This post is part of the Blogging Against Disablism Day 2013 in the category “Definition and Analysis of Disablism/ Ableism”. To participate and/or have a look at some of the other posts, check out the main page here, on Diary of a Goldfish.
I find the whole topic of discrimination to be difficult, because of the inherent confusion involved in any word with multiple meanings. Discrimination can be, and often is, good. Discrimination about disabled people can be highly necessary. For example: when I was in a wheelchair, my husband would help me to get down or up stairs, but I never found him helping his friends with stairs. That’s discriminating (2). And it was a good thing.
Of course, when we talk about discrimination we are generally talking about discriminating (1), being unjust or prejudicial about someone. There’s a lot of discrimination against people with disabilities- outright, hurtful, deliberate discrimination- and that’s bad. It’s awful. It needs to be stopped, and fought against. Changing that requires changing peoples attitudes entirely, it requires convincing those who see the disabled as less, in equality, and raising up new generations that value people for being people, not for being white, male, cis-gendered, fully-able, healthy people**.
A lot more “discrimination” comes accidentally though, because it can be hard for the differently-abled* to see the line. This is the point at which I find it difficult and confusing; the point at which I’m not sure if I’m being discriminatory, or if I’ll be seen as such even if I’m not; the point at which good discrimination can be taken as bad discrimination. This is where I wish I could read minds so I knew what behaviour would hurt people and what wouldn’t.
When we offer to help our grandparents carry their shopping, do they feel loved or discriminated against?
When we speak slowly and clearly to someone who has trouble understanding speech, do they feel loved or discriminated against?
The point is, that people with disabilities often do need to be treated differently. The disability needs to be accounted for. But often, the extent is misinterpreted. When we end up patronising someone who has one leg, we have moved beyond good discrimination to hurtful, bad discrimination.
I think the only way out of this is understanding each other better. Open communication to discover what help (if any) is needed, and what help is just patronising. But I know that that’s not easy, or maybe even viable. Everyone is different, even the same illnesses and injuries come with different experiences, and that’s a lot of communicating and understanding to do. I don’t think we can ever be perfect, but I think we can be better.

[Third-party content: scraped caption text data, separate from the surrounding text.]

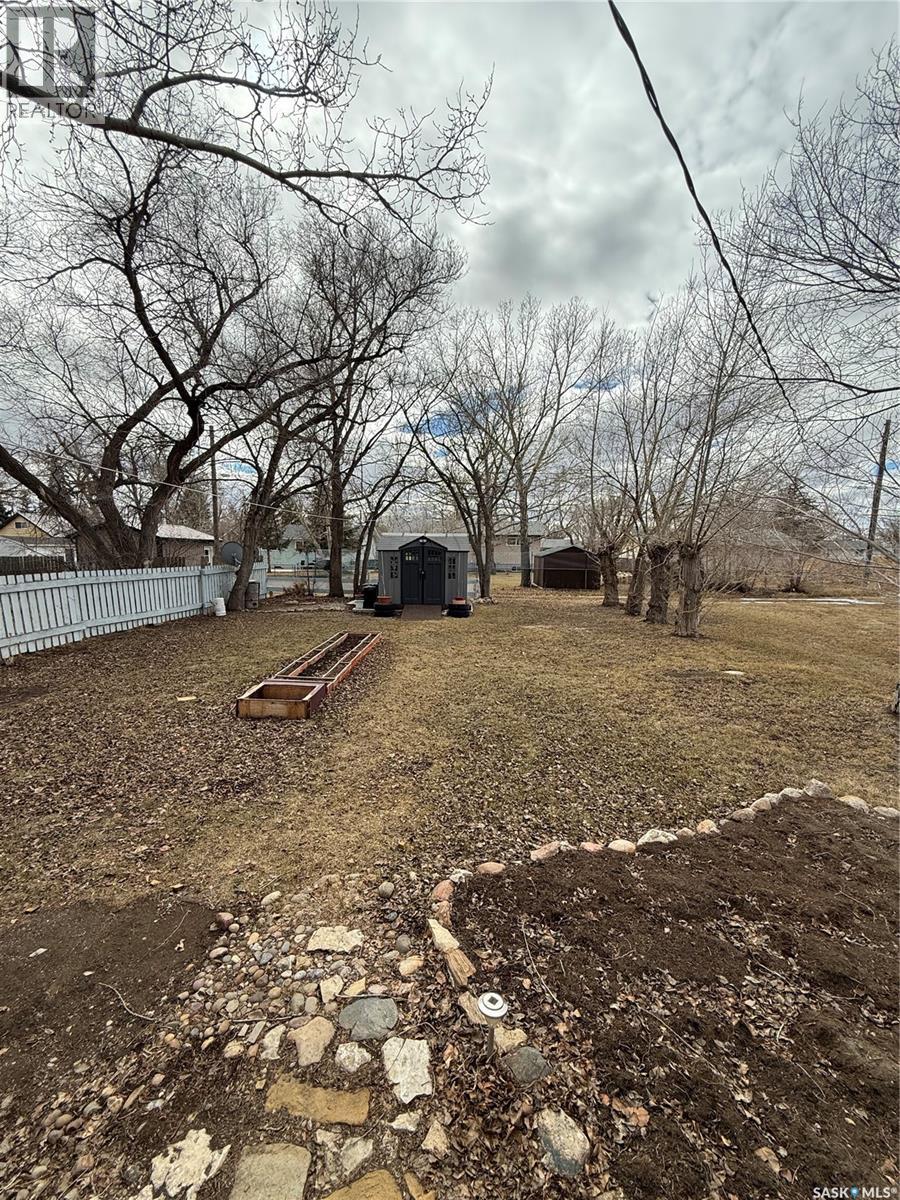404 3rd Street N, Val Marie, Saskatchewan  S0N 2T0 - Photo 23 - SK027564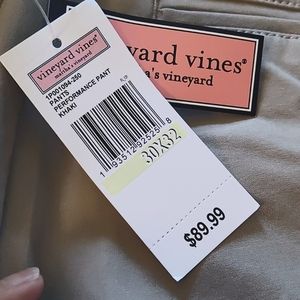Men’s size 30 x 32 khakis , vineyard vines, NWT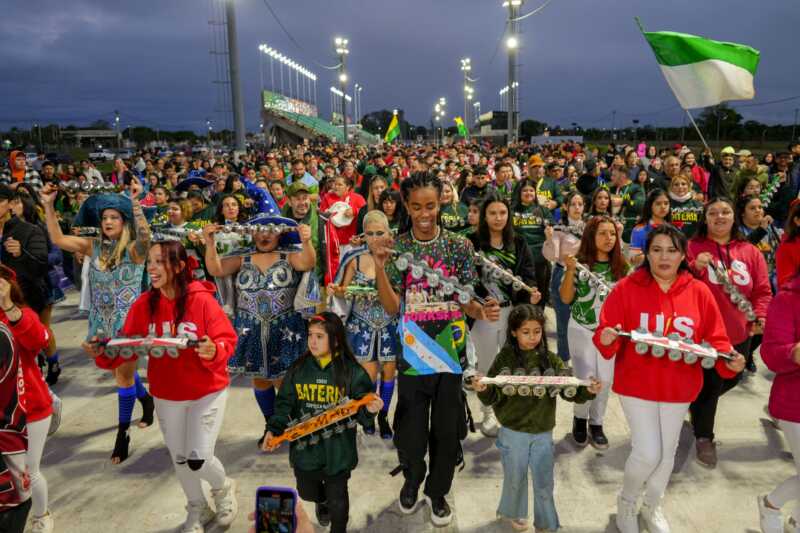 El evento fue presentado en el Corsódromo “Nolo Alías” de Corrientes con la participación de autoridades provinciales y municipales.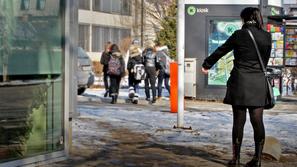 napad, pes, deklica, zenska kaze na mesto, kjer je pes napadel njeno hci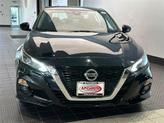 Thumbnail of 2019 Super Black Clearcoat Nissan Altima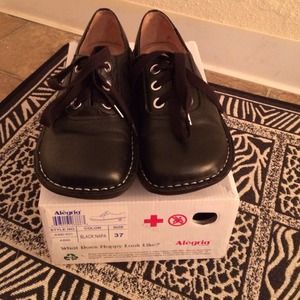 Alegria Abbi Black Napa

There’s also the problem of trying to gain understanding being perceived as discrimination. We like to pretend that the person on crutches isn’t really on crutches, as though they might be offended if we realise they are on crutches. Well, what if they are offended? That’s hardly the solution we’re looking for. But I don’t see any other way around it, than understanding being the best solution we have. Communicate… carefully? Hm. It’s too difficult a subject to have straightforward answers in 500 words anyway, what did you expect?
So, what are peoples thoughts on disability discrimination, and how to combat the negatives? What experiences have people had?
*I say differently-abled not because I have suddenly embraced PC, but because it is just as possible for someone with one disability to be discriminating against someone with a different disability, as someone without disability to be doing the discriminating.
**Our culture has far more issues than just prejudice based on ability.